Instructions to follow: Pictures are to be left out, and only the lines below starting at the one with "Oval Lab Grown" and ending at the one with "Miu Miu Women's" are to be reproduced, each exactly, both ends included.
--- Supplied entries ---
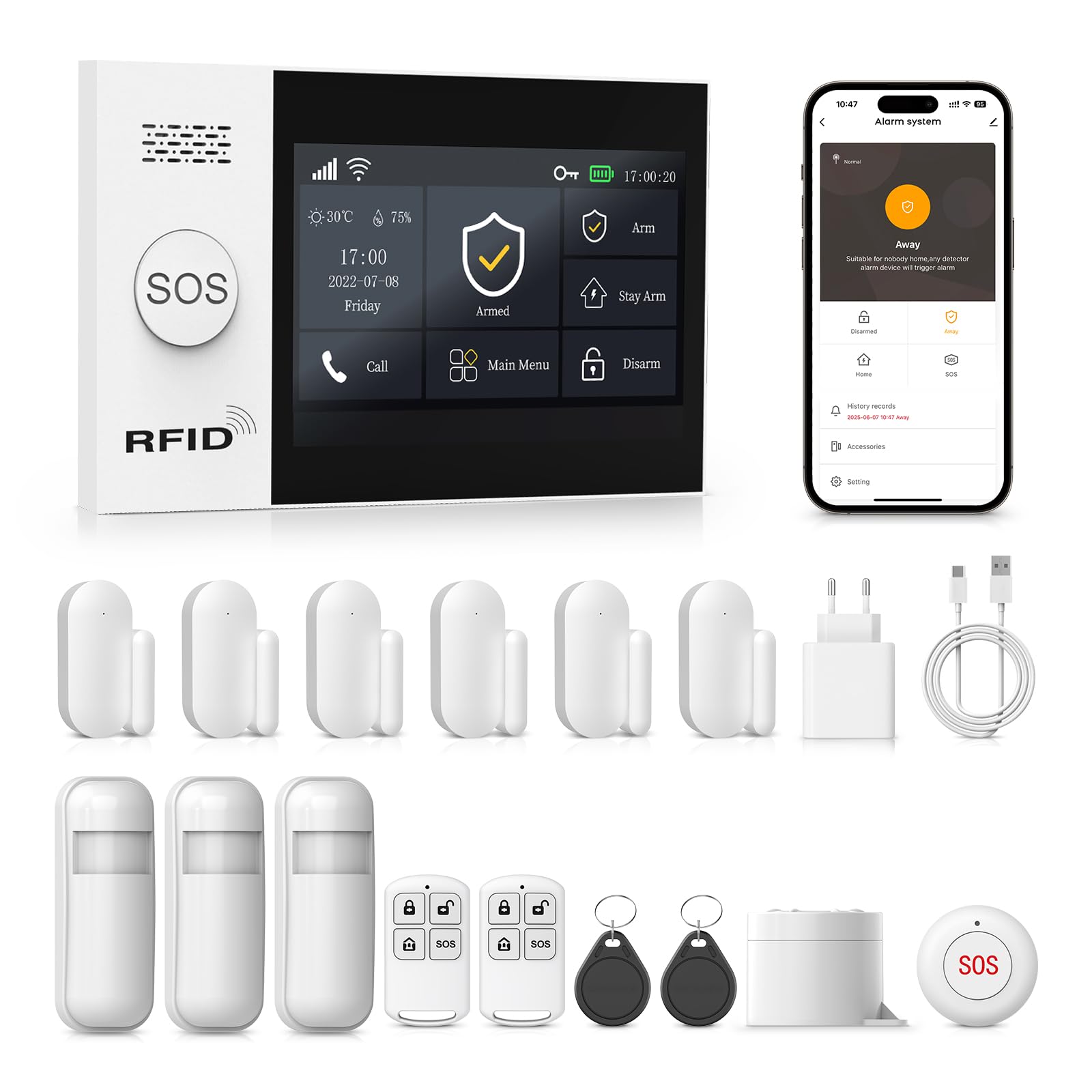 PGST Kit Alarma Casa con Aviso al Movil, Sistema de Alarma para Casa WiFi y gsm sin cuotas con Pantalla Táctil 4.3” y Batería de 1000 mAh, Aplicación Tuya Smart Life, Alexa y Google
---
--- Supplied entries ---
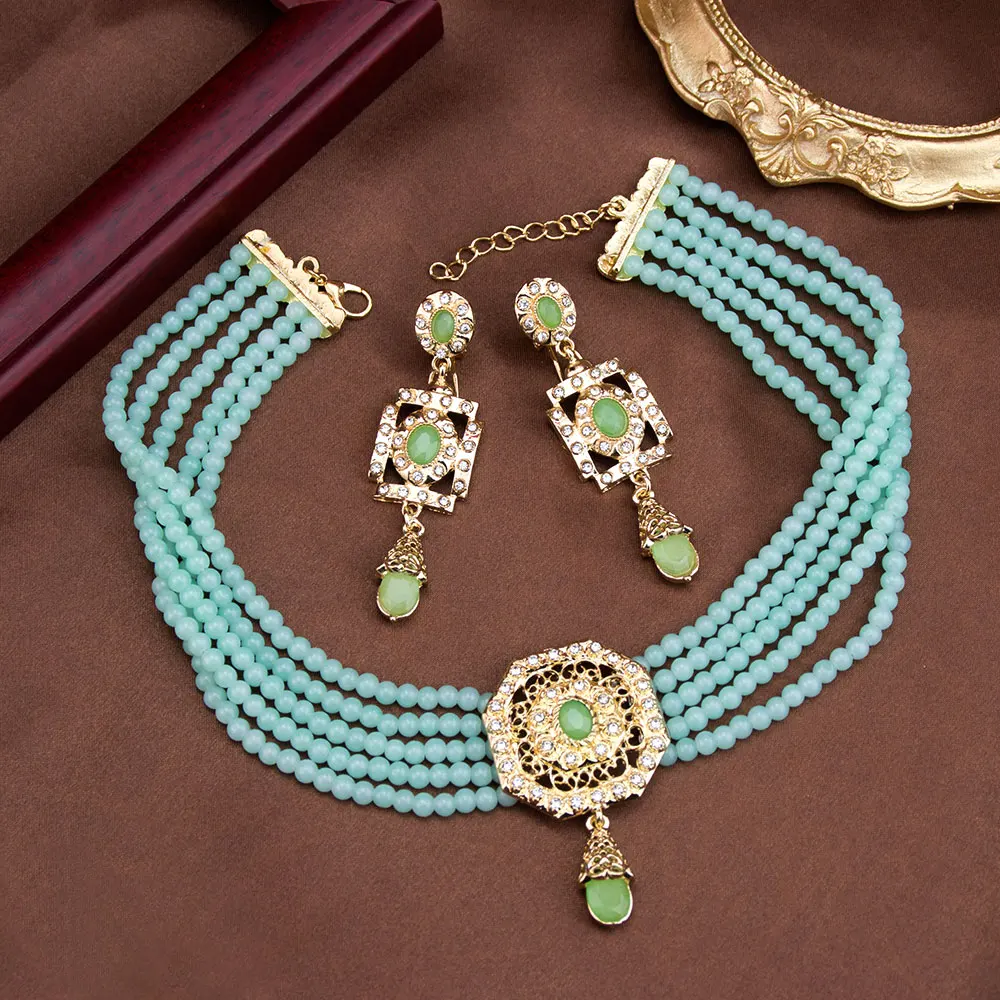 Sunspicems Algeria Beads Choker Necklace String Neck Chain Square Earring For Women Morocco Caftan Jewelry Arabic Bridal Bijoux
---
--- Supplied entries ---
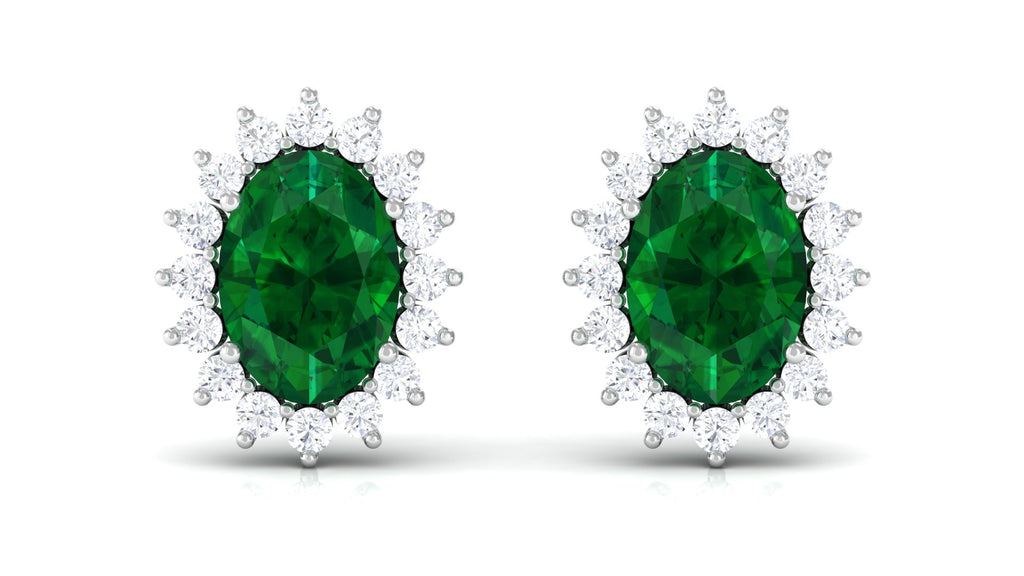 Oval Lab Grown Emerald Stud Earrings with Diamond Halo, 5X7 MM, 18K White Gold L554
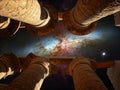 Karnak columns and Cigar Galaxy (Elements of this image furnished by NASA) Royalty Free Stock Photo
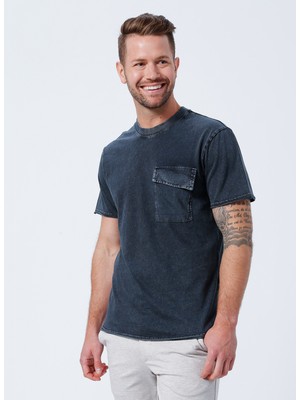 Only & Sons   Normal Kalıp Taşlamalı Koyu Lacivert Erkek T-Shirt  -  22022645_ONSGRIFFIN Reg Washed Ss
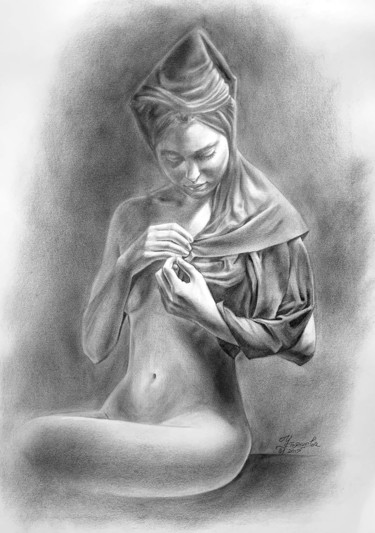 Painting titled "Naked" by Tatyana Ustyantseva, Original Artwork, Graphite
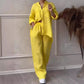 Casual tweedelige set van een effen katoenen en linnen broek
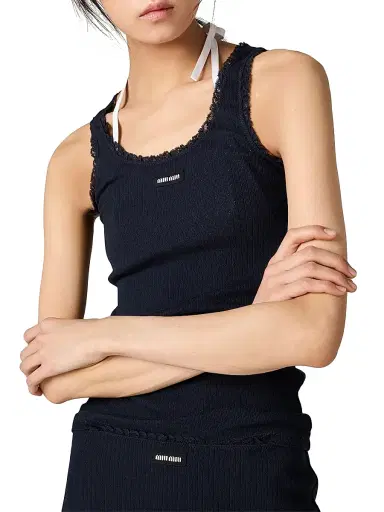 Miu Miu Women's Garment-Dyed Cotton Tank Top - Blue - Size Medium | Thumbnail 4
---
Result of the task:
 Oval Lab Grown Emerald Stud Earrings with Diamond Halo, 5X7 MM, 18K White Gold L554
 Karnak columns and Cigar Galaxy (Elements of this image furnished by NASA) Royalty Free Stock Photo
 Only & Sons   Normal Kalıp Taşlamalı Koyu Lacivert Erkek T-Shirt  -  22022645_ONSGRIFFIN Reg Washed Ss
 Painting titled "Naked" by Tatyana Ustyantseva, Original Artwork, Graphite
 Casual tweedelige set van een effen katoenen en linnen broek
 Miu Miu Women's Garment-Dyed Cotton Tank Top - Blue - Size Medium | Thumbnail 4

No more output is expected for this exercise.